The Effect of Riociguat on Gas Exchange, Exercise Performance, and Pulmonary Artery Pressure During Acute Altitude Exposure

Description:

Background and Significance:

Impairment of exercise performance during hypoxemia due to altitude exposure or lung disease
is caused primarily by reduced oxygen delivery to the exercising muscles, due to the
reduction in arterial oxygen content. This reduction in arterial oxygen content is due to
reduced alveolar PO2 and ventilation/perfusion (VA/Q) mismatch, and to some extent alveolar
to end-capillary diffusion impairment. Ultimately, hypoxemia results in secondary diffuse
pulmonary vasoconstriction (hypoxic pulmonary vasoconstriction, HPV), which in turn causes
pulmonary hypertension. This secondary pulmonary hypertension is believed to worsen VA/Q
mismatch, further reducing the PO2, suggesting that pharmacologic blockade of HPV could
increase PO2 (e.g. during altitude exposure) and thus improve exercise performance. Reduction
in pulmonary artery pressure (PAP) in individuals susceptible to high altitude pulmonary
edema (HAPE) could also facilitate both prevention and treatment of HAPE.

Sildenafil is commonly used to treat pulmonary hypertension, including pulmonary hypertension
that occurs due to altitude exposure, with variable success in treating cases of
altitude-induced pulmonary hypertension and HAPE. Sildenafil works via blockade of blocks
phosphodiesterase-5 (PDE-5) in pulmonary arterioles, causing an increase in cGMP. When cGMP
is activated by nitric oxide (NO) it induces vasodilatation, and indeed, sildenafil
administration during altitude exposure does increase arterial oxygenation slightly. However,
attempting to block HPV with sildenafil by using a pathway that requires NO can only be
realized if there is sufficient NO available to produce cGMP. During hypoxia endogenous
levels of NO are depleted due to impaired endothelial NO synthesis. This may explain the
inconsistent effects of sildenafil when used to improve oxygenation and performance at
altitude.

Endogenous concentration of unbound NO is actually quite low, and most of the biological
effects of NO are mediated through formation of S-nitrosothiols (SNOs) such as
S-nitrosohemoglobin (SNO-Hb). NO binds to hemoglobin in a PO2-dependent manner, forming
SNO-Hb so that when PO2 is low, NO-Hb binding is less avid and SNO-Hb is depleted. Depletion
of SNO-Hb during hypoxia has been proposed as a mechanism that augments HPV, and indeed
hypoxia has been shown to induce low levels of SNO-Hb. It is quite possible that the
reduction in available endogenous NO and depletion of SNO-Hb during hypoxia limits the effect
of the cGMP mechanism by which sildenafil works. Thus, an agent which can activate cGMP
during periods of hypoxia when NO and SNO-Hb are depleted should be more effective in
treating altitude-induced pulmonary hypertension.

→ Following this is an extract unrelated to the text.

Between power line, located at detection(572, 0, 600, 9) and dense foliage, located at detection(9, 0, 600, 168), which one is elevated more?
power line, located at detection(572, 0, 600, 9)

Riociguat is a stimulator of soluble guanylate cyclase that bypasses the NO pathway and is
currently approved by the FDA for treatment of pulmonary hypertension. Riociguat exhibits a
dual mode of action that i.) stabilizes the reduced form of the nitrosyl-heme complex,
enhancing the NO-cGMP signaling pathway in the absence of endogenous NO and ii.) acts in
synergy with endogenous NO by increasing sGC sensitivity to NO. Essentially, riociguat
stimulates sGC to produce cGMP in the absence of NO, and it is a mechanism by which pulmonary
vascular resistance could be attenuated during altitude-induced pulmonary hypertension. It
has recently been shown to augment exercise performance and decrease pulmonary artery
pressure in both primary pulmonary hypertension and pulmonary arterial hypertension (PAH) due
to chronic thromboembolic disease. Lowering pulmonary artery pressure could improve pulmonary
gas exchange and performance at altitude, which has significant implications for those living
at altitude, conducting military operations, altitude trekkers and high-altitude rescue
teams. Direct stimulation of sGC also represents a promising alternative therapeutic strategy
for those susceptible to high altitude pulmonary edema (HAPE) when current treatment
modalities of nifedipine and sildenafil are ineffective and oxygen is unavailable. By itself
or in combination with sildenafil, riociguat could produce a significant advance in exercise
performance during altitude exposure and provide a substantial improvement over the current
therapeutic options in the prevention and treatment of HAPE.

Design and Procedures:

This investigation will consist of 20 normal subjects. Medical screening will exclude cardiac
and pulmonary disease, pregnancy and sickle cell disease/trait in African Americans.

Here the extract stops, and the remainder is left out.